__TASK GOAL__:
Word for word, repeat the data that follows. Do not include the pictures.

__DATA EXTRACT__:
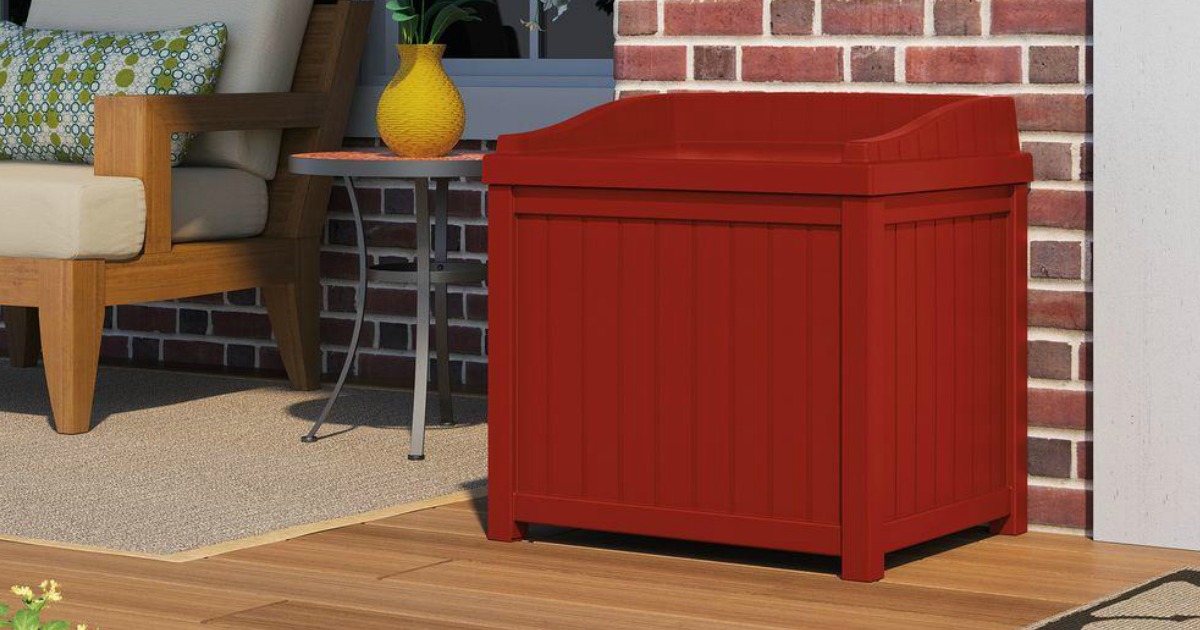 red outdoor deck storage box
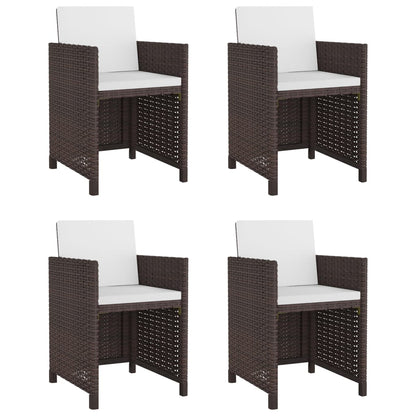 Vidaxl Set De Comedor Jardín 5 Pzas Y Cojines Ratán Sintético Marrón_1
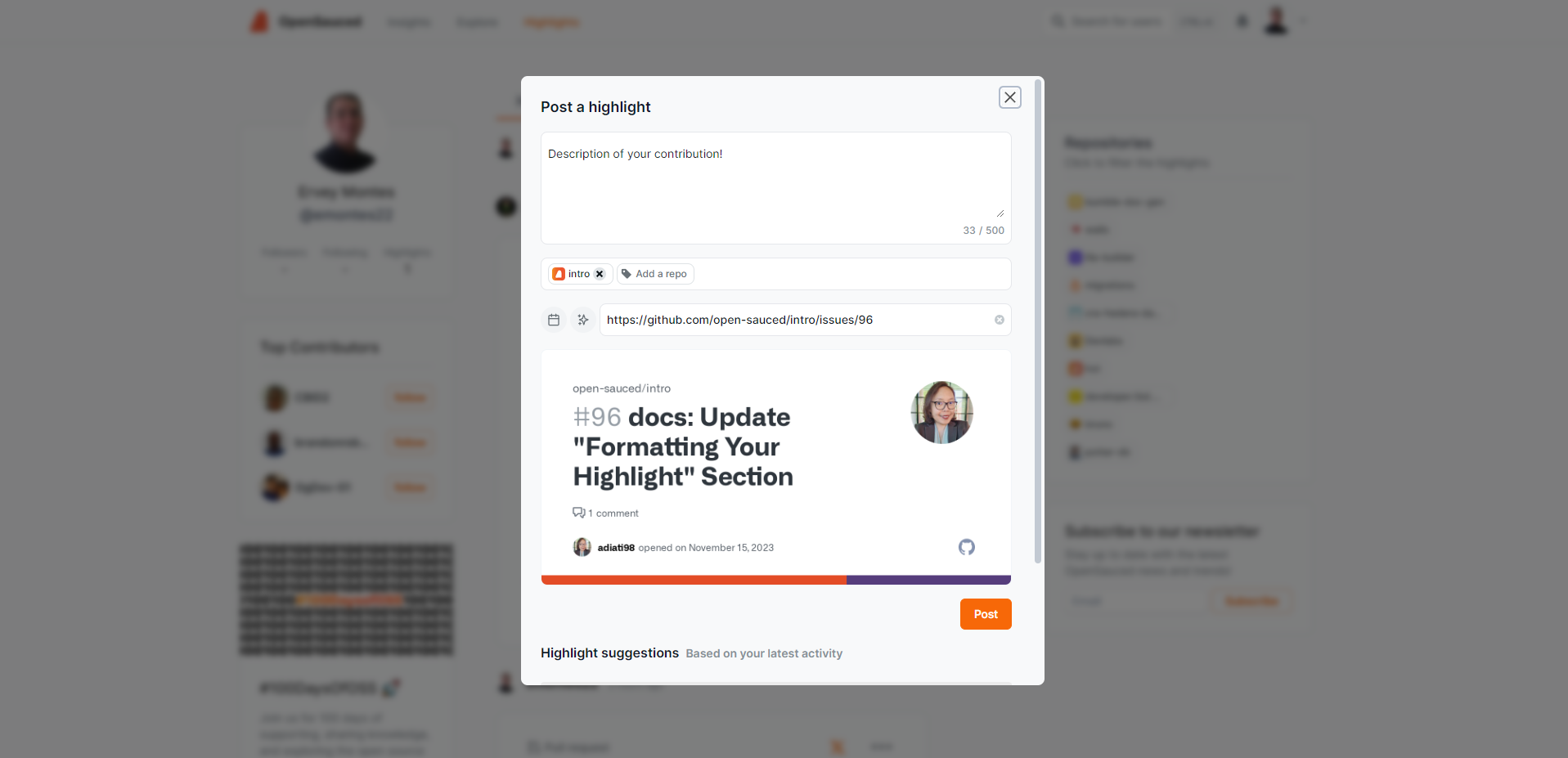 Adding a highlight to a profile at OpenSauced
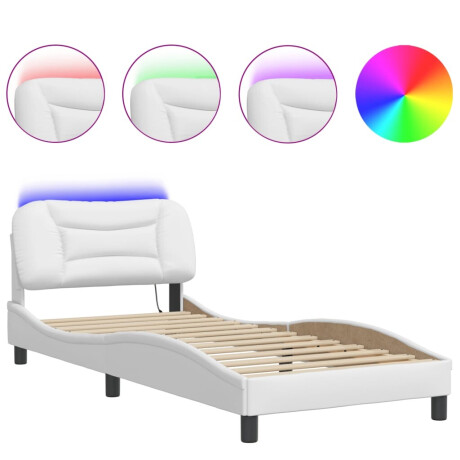 vidaXL Bedframe met LED zonder matras "Hvar" kunstleer wit 90x200 cm afbeelding2 - 1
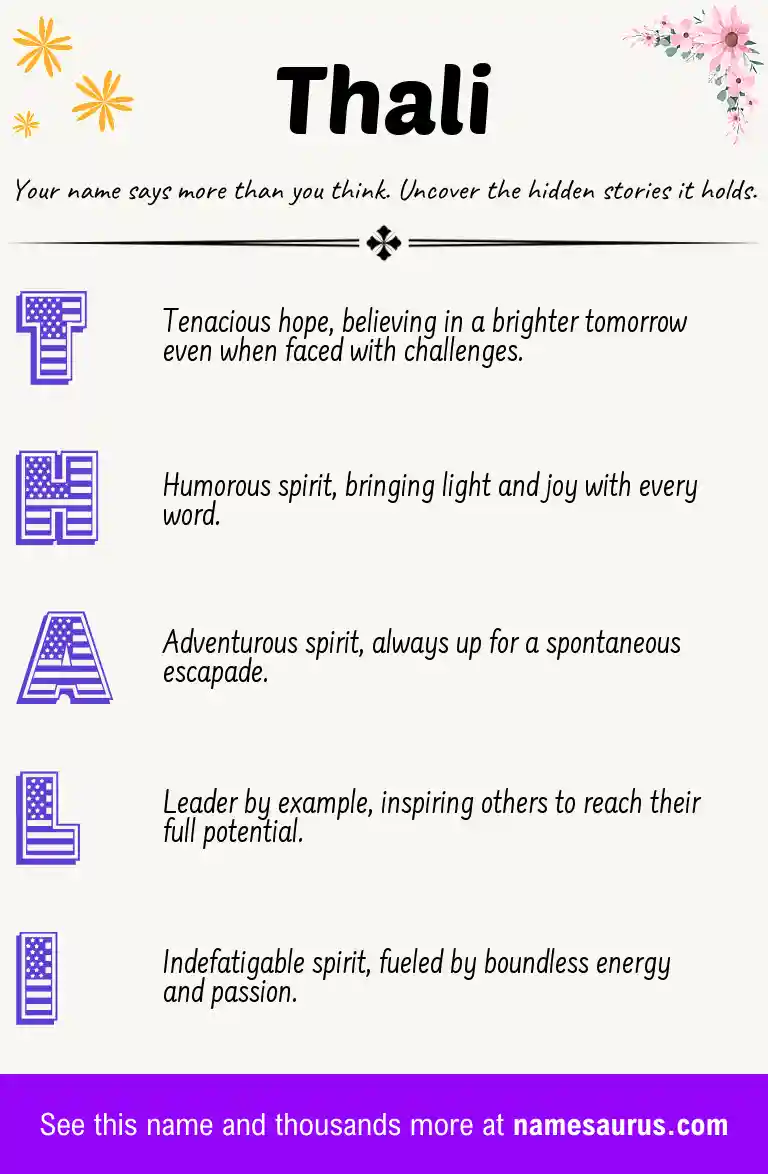 Acrostic poem about Thali.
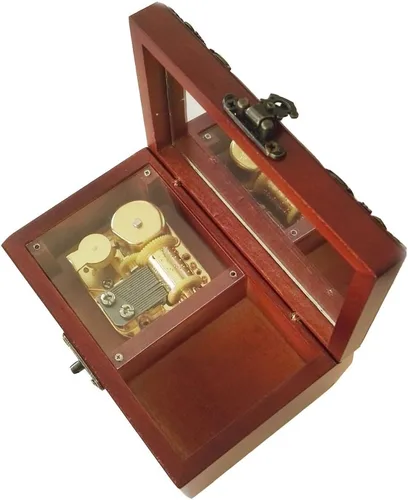 Vista 5 de FnLy Caja musical de madera con cuerda de encaje antiguo de 18 notas con movimiento chapado en oro, música de Elfen Lied Dorado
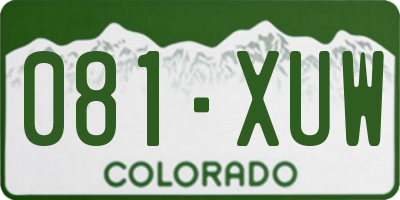 CO license plate 081XUW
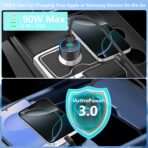 Car Charger USB C, KYOHAYA 90W 4-Port Dual USB-C & USB-A Power Cigarette Lighter Adapter PD/QC Type C Car Charger Fast Charging for iPhone 17 Pro 17 Pro Max 16 15 14 13 12 11/Galaxy S26 S25/Pixel/iPad - Image 6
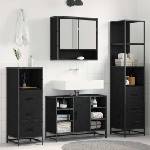 vidaXL Комплект мебели за баня 4 бр. Черния дъб 80 x 33 x 60 см (3402338)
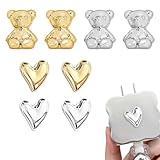 WUFKOP 8 Pines Decorativos para Crocs, Adornos de Resina 3D (2 Corazones Dorados, 2 Plateados, 2 Ositos Dorados, 2 Plateados), Regalo para Mujeres, Niñas y DIY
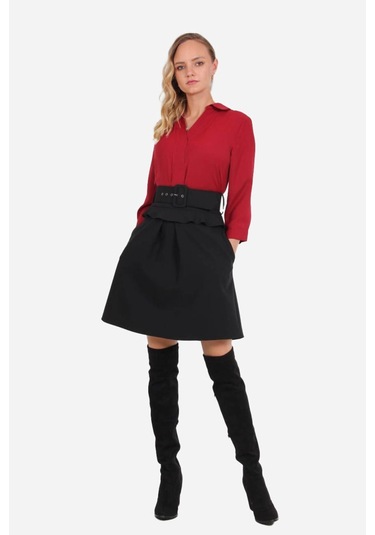 Kadın Yüksek Bel Pileli Etek Frn4050 Siyah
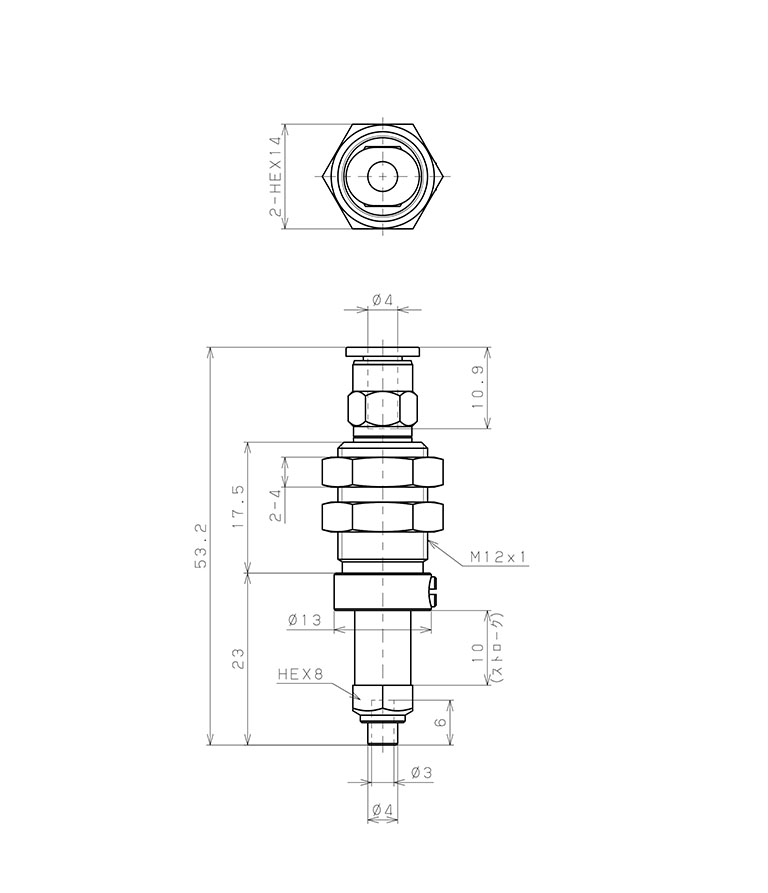 Bản vẽ kỹ thuật Giá Đỡ Nấm Hút Chân Không Có Lò Xo, Pisco VPC-H3-10-4J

__TASK OUTPUT__:
 red outdoor deck storage box
 Vidaxl Set De Comedor Jardín 5 Pzas Y Cojines Ratán Sintético Marrón_1
 Adding a highlight to a profile at OpenSauced
 vidaXL Bedframe met LED zonder matras "Hvar" kunstleer wit 90x200 cm afbeelding2 - 1
 Acrostic poem about Thali.
 Vista 5 de FnLy Caja musical de madera con cuerda de encaje antiguo de 18 notas con movimiento chapado en oro, música de Elfen Lied Dorado
 CO license plate 081XUW
 Car Charger USB C, KYOHAYA 90W 4-Port Dual USB-C & USB-A Power Cigarette Lighter Adapter PD/QC Type C Car Charger Fast Charging for iPhone 17 Pro 17 Pro Max 16 15 14 13 12 11/Galaxy S26 S25/Pixel/iPad - Image 6
 vidaXL Комплект мебели за баня 4 бр. Черния дъб 80 x 33 x 60 см (3402338)
 WUFKOP 8 Pines Decorativos para Crocs, Adornos de Resina 3D (2 Corazones Dorados, 2 Plateados, 2 Ositos Dorados, 2 Plateados), Regalo para Mujeres, Niñas y DIY
 Kadın Yüksek Bel Pileli Etek Frn4050 Siyah
 Bản vẽ kỹ thuật Giá Đỡ Nấm Hút Chân Không Có Lò Xo, Pisco VPC-H3-10-4J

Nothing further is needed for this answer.